DOLFIN is supported by a special module entitled “Ocean and Lake Boundary Disputes: (E)merging Law and Science” featuring simulation exercises and applying law-of-the-sea software based on real-world situations, to be offered by DOLFIN’s Directors.‌


Biographies

Patron

Prof. David J. Attard, D.Phil (Oxford) Prof. David J. Attard, D.Phil (Oxford), Vice-President of the International Tribunal for the Law of the Sea (ITLOS) in Hamburg and Director, IMO International Maritime Law Institute (IMLI), Malta.

Prof. Attard was Chairman of Exploration Committee in the Office of the Prime Minister of Malta in 1988, Advisor to the Secretary-general International Maritime Organization 1988-89, Special Legal Advisor to the Executive Director of the United Nations Environmental Programme in Nairobi 1989-91 and member of the Steering Committee for Human Rights (CDDH), Council of Europe, Strasbourg.

Founding Director 

Prof. David J. Attard, D.Phil (Oxford)

Prof. Dr. Peter Bekker, Professor and Chair in International Law, Centre for Energy, Petroleum and Mineral Law and Policy (CEPMLP), University of Dundee (UK); Partner, Dentons US LLP, New York; Founding Director, DOLFIN.

Professor Peter Bekker has held the Chair in International Law at the Centre for Energy, Petroleum and Mineral Law and Policy (CEPMLP) within the University of Dundee (UK) since 2011.  He combines with his professorial appointment an active law practice as a Partner at Dentons US LLP in New York.
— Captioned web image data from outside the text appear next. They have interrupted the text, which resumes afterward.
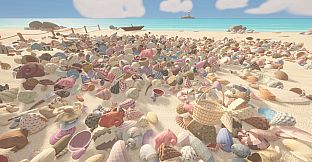 Seashell Hoarder
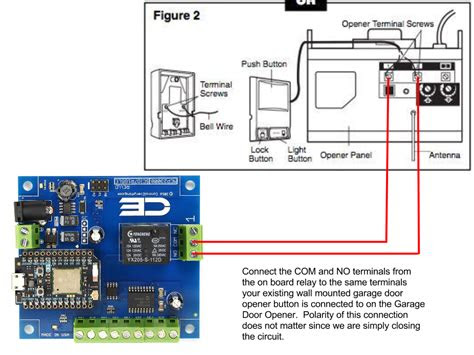What can i attach to them? Open your garage door from an Android home screen widget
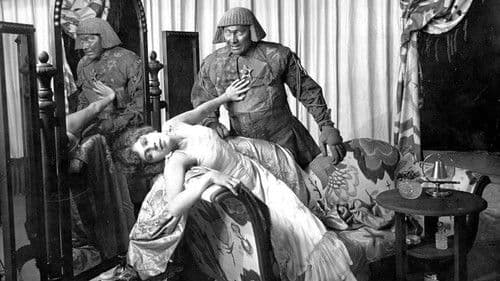 Der Golem und die Tänzerin Bild 1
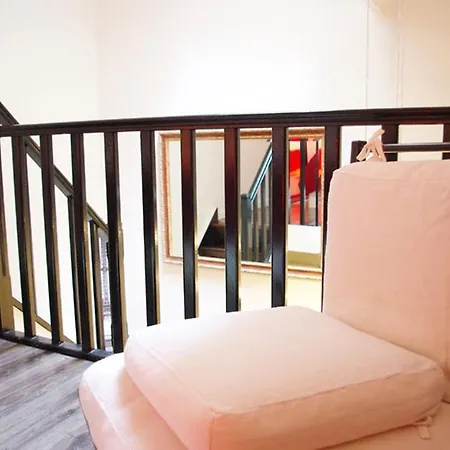 דירה Loft Pantheon Notre Dame פריז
He concentrates in public international law teaching and advice and international dispute resolution involving private and sovereign parties. A national of The Netherlands and US resident, he served as a staff lawyer in the Registry of the International Court of Justice (ICJ) in the 1990s.  He served as Counsel and Advocate for the Caribbean Regional Fisheries Mechanism in Case 21 concerning Illegal, Unregulated and Unreported (IUU) fishing activities before the International Tribunal for the Law of the Sea (ITLOS) in 2014 and has served as counsel in ICJ cases.  He regularly sits as an arbitrator in international cases.  Professor Bekker has served as an elected member of the Nominating Committee and the Executive Council of the American Society of International Law, and he served as the elected Co-Chair of the ASIL Law of the Sea Interest Group between 2022 and 2025. He obtained basic and doctoral law degrees in Dutch and International Law from Leiden University in The Netherlands and a Master’s degree from Harvard Law School in 1991.  He is the author/editor of five books and over 100 articles on international law and he is listed in Who’s Who in Public International Law.  He has been designated to the lists of conciliators and arbitrators under Annex VII of the UN Convention on the Law of the Sea.
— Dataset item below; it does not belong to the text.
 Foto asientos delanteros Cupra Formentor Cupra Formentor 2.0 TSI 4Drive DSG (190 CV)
Professor Bekker is Founding Director of the Dundee Ocean and Lake Frontiers Initiative and Neutrals (DOLFIN). See Website: https://sites.dundee.ac.uk/energyhubplus/dolfin/

Robert van de Poll 

Robert van de Poll, B.Sc., M.Sc.Eng.

Global Director Law of the Sea, Fugro; Geology Director, DOLFIN

While at CARIS GIS Canada between 1991 and 2006, Robert designed, created and built the CARIS LOTS (Law Of The Sea) GIS software for the United Nations Law of the Sea applications (as CARIS LOTS Product Manager (1998 – 2006)) assisted by a team of eight software engineers as a direct request by many countries (realizing there was no GIS to handle Global LOS studies, mathematics, geodetic requirements and all LOS applications). At present day, this is the World-Standard Law of the Sea software being used by both the United Nations and all the Courts and Tribunals (ICJ / ITLOS etc.) for all Global Law of the Sea EEZ applications and/or ECS projects.

Robert joined Fugro in 2006. Positioned under Fugro’s Global Headquarters and reporting directly to Head Office (Fugro N.V. The Netherlands) from Canada, his native country, Robert is the Global Director for all of Fugro’s Global Law of the Sea activities with responsibility for 162 Countries (as 155 Coastal & 7 Land-locked “Lakes” States) around the world.

Robert has worked on more than 2,000 Law of the Sea related projects in 150 of the 162 countries that he is globally responsible for. His Law of the Sea projects are for both Governments and Industry. This is normally working directly at Ministerial Level (for Government), for National Oil Companies (NOC’s) and Senior Management (for Industry), and most commonly for International Oil Corporations (IOCs).

Robert serves as Geology Director of the Dundee Ocean and Lake Frontiers Initiative and Neutrals (DOLFIN).  See Website: https://sites.dundee.ac.uk/energyhubplus/dolfin/ 

Robert holds an Honorary Fellow​ position at the Australian National Centre for Ocean Resources and Security (ANCORS), University of Wollongong, Australia.

Robert is a returning Fellow at IMLI, having delivered Short Courses with the late David Bishopp in 2014 and 2015 and with Professor Peter Bekker since 2016.